Entre los casos más explícitos destacan dos mandos policiales. Gerardo Mérida Sánchez, exsecretario de Seguridad Pública de Sinaloa, es acusado de recibir más de 100 mil dólares mensuales para no interferir en las actividades de “Los Chapitos”. Según la fiscalía estadounidense, entre 2023 y 2024 alertó al menos en 10 ocasiones sobre redadas planeadas contra laboratorios de drogas, lo que permitió al grupo evacuar personal, sustancias y equipo antes de los operativos.
Por su parte, José Antonio Dionisio Hipólito, alias “Tornado”, exsubdirector y comandante de la Policía Estatal de Sinaloa, enfrentaría cargos por vender municiones, cargadores y equipo balístico de uso oficial al cártel. La acusación indica que desviaba armamento destinado a las fuerzas de seguridad para fortalecer a los sicarios que custodiaban laboratorios y rutas de tráfico. Además, se le señala por manipular registros policiales para liberar a detenidos vinculados al grupo y por colocar a otros oficiales corruptos en puestos clave. Recibía alrededor de 6 mil dólares mensuales como parte de la llamada “narconómina”.
La acusación describe un esquema sistemático en el que mandos como Marco Antonio Almanza Avilés, Alberto Jorge Contreras Núñez (alias “Cholo”), Juan Valenzuela Millán (alias “Juanito”) y otros coordinaban detenciones selectivas contra rivales de “Los Chapitos”, permitían el porte de armas y el narcomenudeo abierto, y utilizaban incluso patrullas y radios oficiales para mover drogas. A cambio, los funcionarios recibían pagos que oscilaban entre los 100 mil y 300 mil pesos mensuales, según los cargos.
El fiscal federal Jay Clayton y la DEA enfatizaron que el Cártel de Sinaloa no podría operar con tal libertad sin el apoyo de autoridades corruptas.
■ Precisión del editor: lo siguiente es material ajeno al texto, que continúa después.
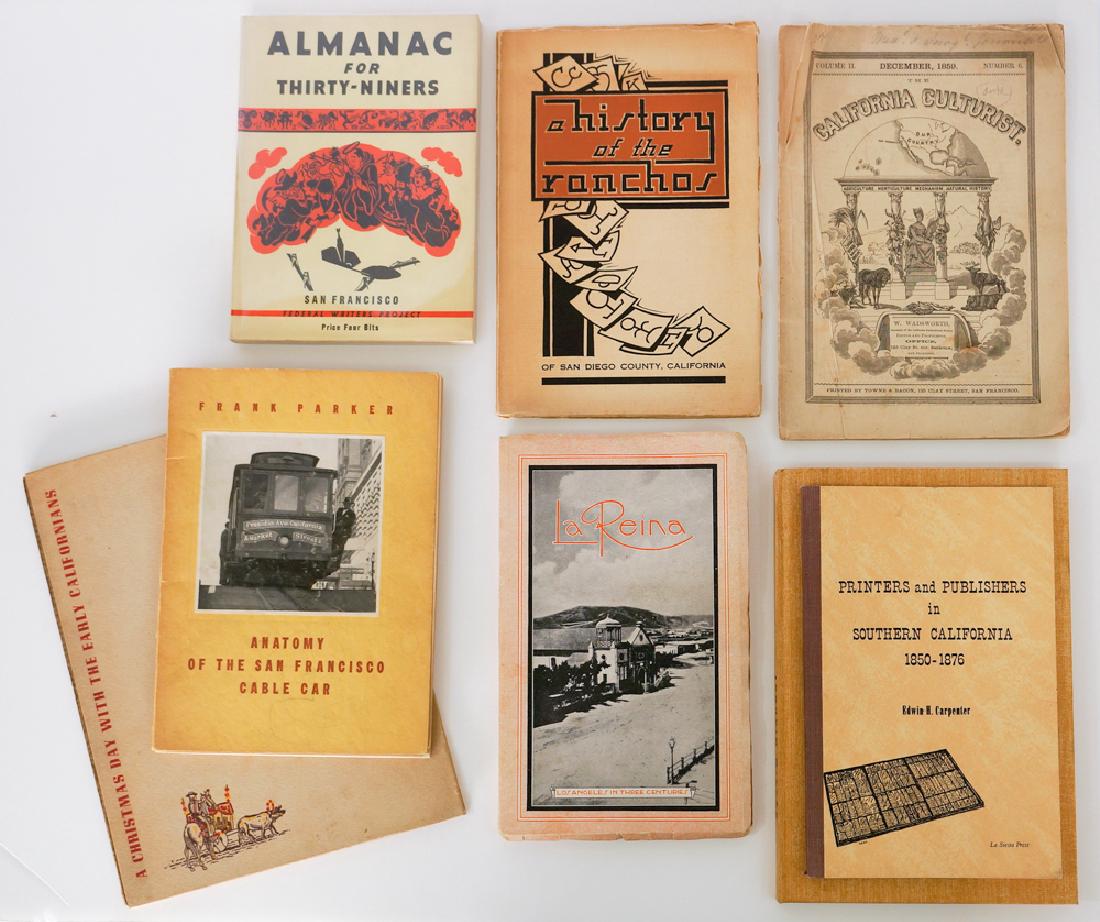 Vintage California Books and Ephemera (1 of 1)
La imputación incluye cargos por conspiración para importar narcóticos (fentanilo, heroína, cocaína y metanfetamina), posesión de ametralladoras y dispositivos destructivos, y en algunos casos, secuestros y homicidios. Ninguno de los acusados se encuentra actualmente bajo custodia estadounidense.
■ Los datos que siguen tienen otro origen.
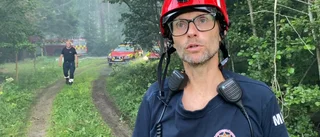TV: Insatsledaren: "Det är extremt med värmen – men vi har tur med vinden"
En México, el caso ha generado fuertes reacciones políticas y legales. Algunos de los implicados, como Mérida Sánchez, han tramitado amparos para evitar posibles detenciones o extradiciones. Las autoridades mexicanas han confirmado la recepción de solicitudes de extradición, aunque el proceso judicial sigue su curso.
Esta indagatoria forma parte de los esfuerzos continuos de Estados Unidos por desmantelar las estructuras que permiten el flujo masivo de fentanilo hacia su territorio, destacando la profunda infiltración del crimen organizado en instituciones de seguridad y gobierno estatal. El expediente se suma a otras acciones recientes contra “Los Chapitos”, hijos de Joaquín “El Chapo” Guzmán, quienes lideran una de las facciones más violentas y productoras de fentanilo del cártel.